There was a message of hope contained in re-signing the 32-year old Jamison and the shaky-kneed Arenas in the summer of 2008 to the grand total of 10-years, $161 million. Jamison was a great player and community guy, perhaps deserving of being overpaid with a four-year, $50 million contract. And Pollin had taken the zero to hero Arenas under his wing, who was in turn a personality that put butts in seats and made the franchise a lot of money.
Riddled by continued knee issues and his own erratic nature, Arenas earnestly strove for a return to the court. But he did not have reasonable physical restraint, nor people and treatment around him capable enough to deal with injuries such as his, physically and mentally. After continued surgical procedures on his left knee, Arenas saw an NBA court only twice by the end of the 2008-09 season, a horrid campaign for the 19-63 Wizards.
Then came 2009-10. Before guns triggered trades of Butler, Jamison, DeShawn Stevenson and Brendan Haywood, there was Arenas saying he felt profiled by the refs, Flip Saunders opting for gimmicks like pulling all five veteran staters in early in the third quarter after bad effort, and overall, a crumbling village of Wizards in an NBA kingdom, accented by the death of Abe Pollin at the end of November 2009. After Arenas asked Crittenton to “Pick One” of his novelty guns at the end of December and was subsequently suspended for the rest of the season by David Stern, on his January 6 birthday no less, the music had stopped. The thrill ride was over. In the NBA’s carnival, the Wizards had been reduced to a tightrope with no one to cross.
Perhaps for too long fans in Washington held on to the possibility of an Arenas return to glory. If you can shoot, you can shoot, right? No sir, in the NBA its often about leg strength and unwavering confidence. Arenas quickly seemed to be without either. But that’s not what made jettisoning him so easy for Grunfeld.
This past summer, people asked if Crittenton being charged with murder cast his card game dispute and gun involvement with Arenas in a different light. Whomever Crittenton really is, it’s hard to absolve Arenas’ penchant for crossing the line. The price he paid could be considered fair by most — the suspension, the money lost, the court case, the halfway house.

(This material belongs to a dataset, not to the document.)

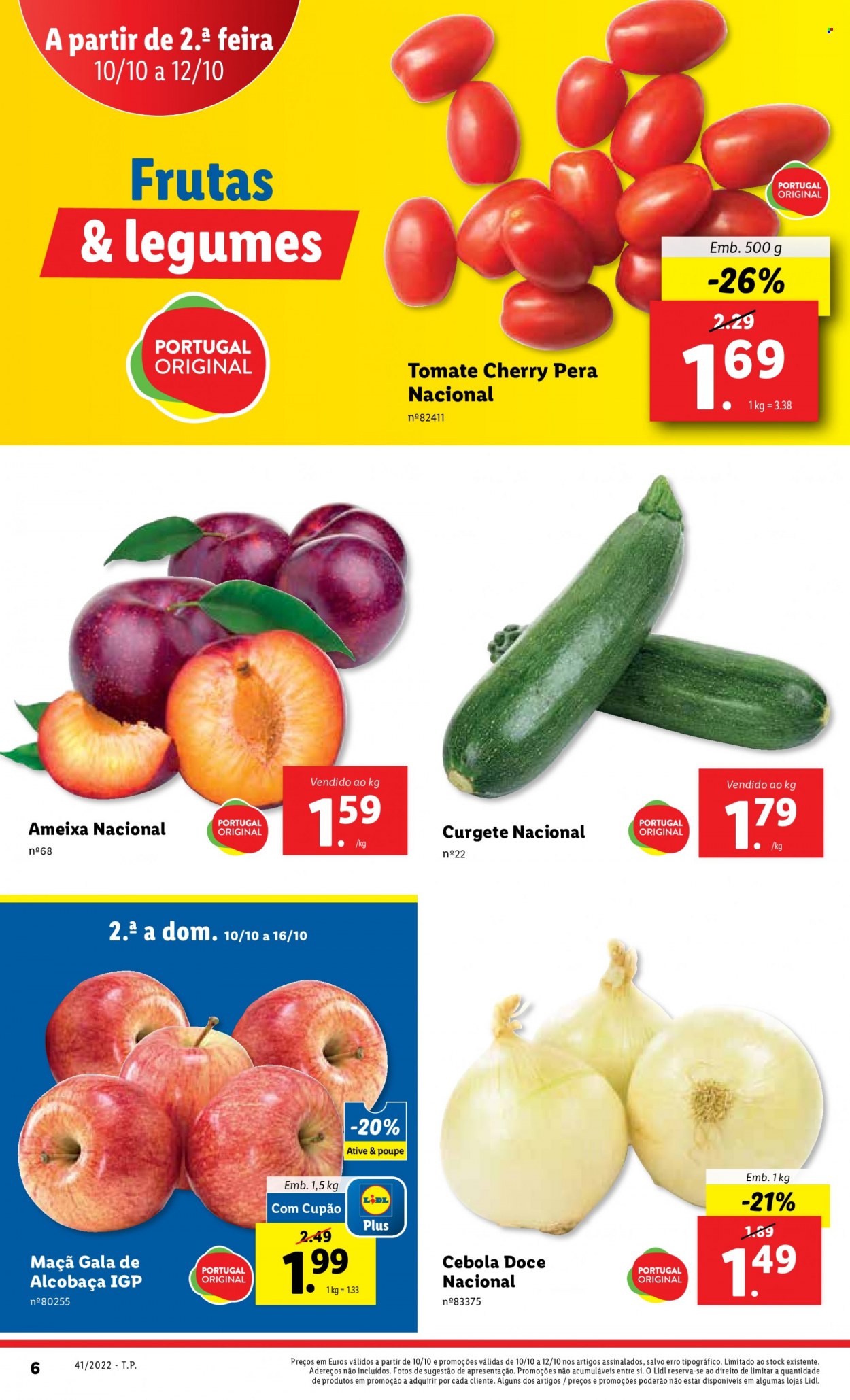 Folheto Lidl - 10.10.2022 - 16.10.2022. Página 8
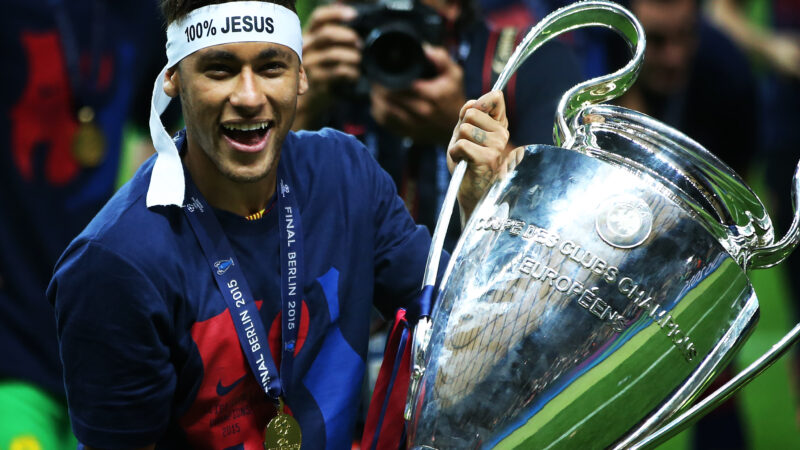 Quiz! Puoi nominare ogni giocatore del Barcellona per aver vinto due o più finali della Champions League?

“Why can’t Tiger Woods get away with what he did when Lil’ Wayne can?,” I heard Arenas once wonder aloud in the Wizards locker room in late 2009, way before his gun incident. He speaking of Wood’s transgressions with women. Dissecting Gilbertology, he’s probably since wondered why Bryan “Baby” Williams, CEO of the aforementioned rapper’s record label, Cash Money Records, stood by Wayne’s side through gun charges while Grunfeld turned in Gilbert and his Desert Eagle to the NBA league office.
Arenas always considered himself an entertainer along the lines of a musician or an actor, so he never understood why his bad decisions came under such scrutiny on the sporting stage. He felt that as long as he was playing well, he was entitled to do as he pleased. And when he lost his effectiveness on the court, he thought he could cure everything with a joke.
No one cares to see the tightrope walker go back and forth all day; you either get to the other side or you fall. After hitting the safety net last year, Arenas remains entrenched in embarrassment bordering on irrelevance. No one knows if anyone’s going to extend him a ladder for a small climb from the depths, or if he’s just going to quietly fade under a deflating big top. It was a memorable performance nonetheless.